> [PROBLEM STATEMENT]: Every line between the one containing "sneakers_bassa_con_luci_f_0.webp Sneakers Bassa" and the last line of the data, both included, is to be set down exactly, and pictures are to be omitted.

> [SOURCE MATERIAL]:
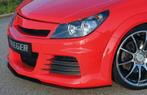 Rieger voorbumper | Astra H GTC: 03.05- - Hatchback, 3-drs., Auto-onderdelen, Verzenden, Nieuw, Opel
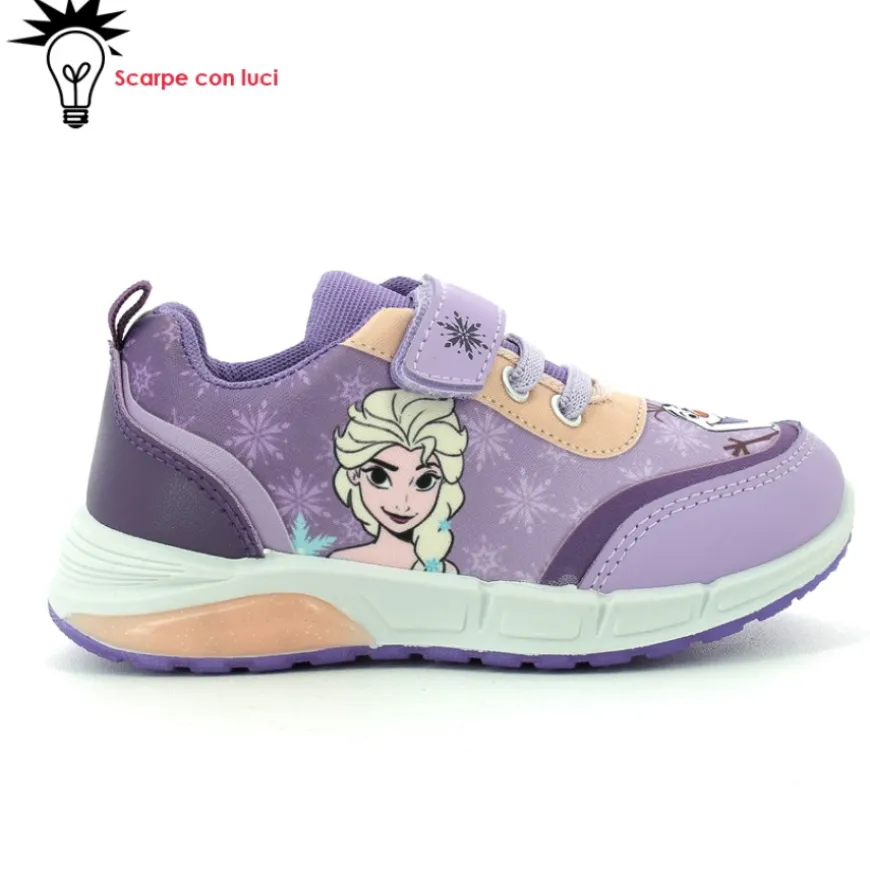 sneakers_bassa_con_luci_f_0.webp Sneakers Bassa Con Luci Frozen 24-32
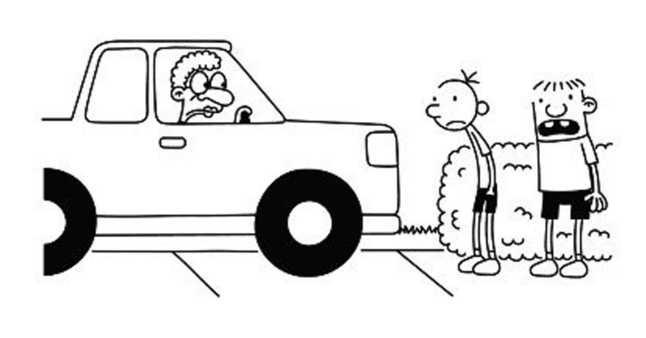 Иллюстрация к книге — Дневник слабака. Собачья жизнь [_80.jpg]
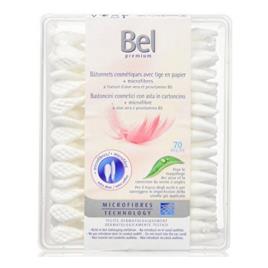 Cotonetes Cosméticos Premium Bel (70 uds)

> [RESPONSE]:
 sneakers_bassa_con_luci_f_0.webp Sneakers Bassa Con Luci Frozen 24-32
 Иллюстрация к книге — Дневник слабака. Собачья жизнь [_80.jpg]
 Cotonetes Cosméticos Premium Bel (70 uds)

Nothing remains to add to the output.